In het vorige hoofdstuk werd duidelijk hoe de evolutionaire ontwikkeling van de taal geleid heeft tot een gigantische uitbreiding van het aantal mogelijke concepten en daarmee tot een minstens zo sterke uitbreiding van het menselijk wereldbeeld, of, anders gezegd, van de menselijke werkelijkheid. De vraag komt op of ons wereldbeeld bepaalt welke taal we gebruiken dan wel of de gebruikte taal ons wereldbeeld bepaalt. In dit hoofdstuk ga ik in op een enkele bijdragen rond deze vraagstelling uit zowel de taalkunde als de filosfie. Ik geef een definitie van het begrip ‘denken’ en concludeer dat zowel de Sapir-Whorf hypothese als Quine’s stelling over onvertaalbaarheid triviaal, dus betekenisloos zijn.

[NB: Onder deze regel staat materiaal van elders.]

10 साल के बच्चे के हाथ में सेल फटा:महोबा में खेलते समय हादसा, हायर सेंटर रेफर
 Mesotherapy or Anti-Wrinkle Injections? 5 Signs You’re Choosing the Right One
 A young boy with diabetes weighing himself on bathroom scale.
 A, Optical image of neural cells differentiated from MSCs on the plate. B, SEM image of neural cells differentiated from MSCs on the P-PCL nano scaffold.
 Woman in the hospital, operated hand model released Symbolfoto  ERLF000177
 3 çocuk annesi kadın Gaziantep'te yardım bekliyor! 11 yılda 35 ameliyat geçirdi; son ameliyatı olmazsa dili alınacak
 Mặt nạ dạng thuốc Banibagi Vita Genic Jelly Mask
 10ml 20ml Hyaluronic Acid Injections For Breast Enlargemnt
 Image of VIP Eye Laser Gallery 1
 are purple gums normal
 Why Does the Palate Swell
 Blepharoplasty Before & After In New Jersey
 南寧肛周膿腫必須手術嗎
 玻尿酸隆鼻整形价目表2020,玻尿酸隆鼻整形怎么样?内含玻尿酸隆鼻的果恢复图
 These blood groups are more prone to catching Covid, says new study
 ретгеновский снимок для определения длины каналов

16 De kracht van communicatie

Volgens realisten zorgt de werkelijkheid ervoor dat mensen overeenkomstige begrippen hebben en daardoor kunnen communiceren. Zonder zulke objectieve ijkpunten zou communicatie onmogelijk zijn. In dit hoofdstuk laat ik zien dat een vrij zwevend systeem onder voorwaarden wel degelijk stabiel kan zijn. Zoals het monetaire systeem na het verlaten van de gouden standaard stabiel blijft dankzij voortdurende uitwisseling van waarde-beoordelingen is het menselijk conceptuele systeem stabiel dankzij overeenkomstige ervaringen, maar vooral ook door een permanente stroom van communicaties. Met name het gebruik van de taal heeft het aantal menselijke concepten in de loop der geschiedenis exponentieel doen uitbreiden.

17 Het vermogen van taal

In de vorige hoofdstukken is geconcludeerd dat het gebruik van taal geleid heeft tot een enorme toename van de menselijke concepten, zowel in aantal als in complexiteit. In dit hoofdstuk ga ik nader in op de aard van de concepten die dankzij taal gecreëerd konden worden. Aan de orde komen algemene en specifieke begrippen, de universalia en noties als ruimte, tijd en causaliteit. Geconcludeerd wordt dat de creatieve kracht van de taal niet alleen leidt tot abstracte disciplines als wiskunde en logica, maar ook tot godsgeloof, spiritualiteit en misverstanden als het geloof in het monster van Loch Ness.